1. Gayle

    Gayle Registered User

    Feb 15, 2005
    Dear All

    Have you had experience of registering a power of attorney? Did you find it a difficult process?

    I am looking for someone to talk to the media about getting a power of attorney when someone is diagnosed with dementia. If you have a story to tell please email me at gwing@alzheimers.org.uk or call 0207 306 0813 asap.


    Press officer

    PS Happy Easter to all TP users!
  2. gerrie ley

    gerrie ley Registered User

    Apr 10, 2006
    bradford yorkshire
    Hi my experience was that I asked our solicitor to sort out power of attorney for my wife and that she wanted to ammend her will.She was two and a half years into alzheimers and thanks to her medication - aricept she was still able to understand what was happening with difficulty.Our solicitor said he couldnt draw up the two documents without a written authorisation from my wifes consultant.He refused point blank to to do this and wouldnt even call to see if she was capable.I told him he was wrong and that he should have told us the situation the day he diagnosed alzheimers so we could get my wifes affairs in order. He said I could get a second opinion from another consultant if I cared too but of course that would have been a waste of time because they all muck in the same midden.The short answer is go to your solicitor and lets hope you can do better than me GOOD LUCK
  3. Michael E

    Michael E Registered User

    Apr 14, 2005
    Ronda Spain
    #3 Michael E, Apr 23, 2006
    Last edited: Apr 23, 2006
    gerrie ley hi,

    Just read your post - wanted to say a while ago I got PofA over my wife's affairs... It really is a very simple DIY process... The government help line and web site make it pretty easy and will send you the required forms and help booklet. It appears solicitors frequently do not understand the illness or the law in respect of AD sufferers and are more of a very expensive hindrance than a help at a stressful time...

    http://www.guardianship.gov.uk/theservice/enduringpower.htm is the web site - the telephone help line is friendly and understanding.

    The basic form has to be signed by the sufferer and by the person making out the form and a witness... These two people merely have to state that at that 'moment in time' the sufferer understands what they are signing... What the sufferer understands 5 minutes later or or 5 days later is irrelevant. There is no requirement for any medical certificate what so ever.
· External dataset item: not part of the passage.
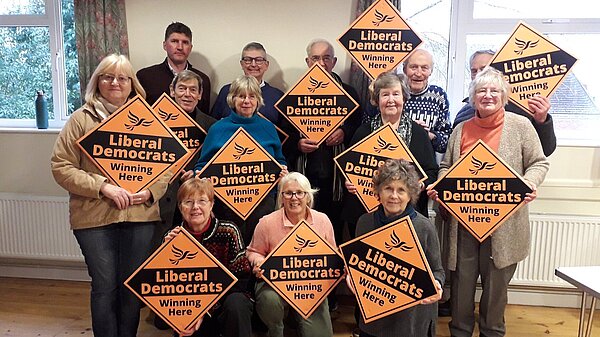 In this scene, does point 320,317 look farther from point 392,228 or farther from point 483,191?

    Having filled out and got the signatures on this form it is not necessary to do anything further until you are sure the sufferer has not got the ability to run their own affairs - again this can be one hour - week month or year later...

    At that point you have to inform the sufferers nearest relatives - on a special form - that you art taking enduring power of attorney. You need at the same time to register the original form.. These are the safe guards - the close relatives can object or not to you taking over.... You are legally responsible to the court to conduct the financial affairs of the sufferer in their best interest....

    I have made it all sound complicated - it is not - very simple process and solicitors are absolutely not required. The government department has set the system up to help ordinary people like you and I create PofA's easily.


  4. susieb

    susieb Registered User

    Apr 16, 2006
    We did the DIY route, and later approached a solicitor to register it with the Court of Protection - still waiting 2 years later. Anyone had similar problems with this?

    The good news is that all financial institutions have accepted the P of A without it being registered with the Court of Protection (I think this is only necessary if you plan to buy or sell property).

    My tip is to take the P of A to a solicitor and have photocopies certified by the solicitor (ours stamped every page with their businesss stamp and the solicitor signed it ). This allows you to retain the original / send it to the court of protection while retaining usable copies - some institutions are inclined to retain the copy you send them, so never send in your only copy.

  5. daisymaid

    daisymaid Registered User

    Mar 7, 2006
    lincoln uk
    power of attorney nightmare

    well what can i say but it took a long time to get power of attorny sorted, i started with one solicitor who then said after a year it was beyond her capabilities but still took her fees from me £1,500 to be exact.She then passed me on to another solicitor,we had to sell mums house because dad had just died to pay for her nursing home i decided to buy the property god never again two years later after PGO lost documents and files we finally got the go ahead to purchase the property.I photocopied all document three times good job i did,somewhere in the PGO vaults there are mounds of legal documents belonging to me.Whenever i need to speak to someone at the PGO i ask there name.This is only part of my story it would take to long and people would start to fall asleepppppppppppp.You see even i get tired of it.

    But after all the hassle if i get any problems the PGO help me out.

    Love Daisymaid
  6. Brucie

    Brucie Registered User

    Jan 31, 2004
    near London
    Hi susieB
    I simply sent the docs with a cheque to the CoP, it was registered, job done. The EPA was originally set up for £60 by my solicitor a couple of years before I registered it. These days I'd have done that job myself because it is so simple. At the time, I wanted confirmation that Jan was legally able to sign on her own behalf. So it was worth the £60 to get a legal guy present, to cover us all.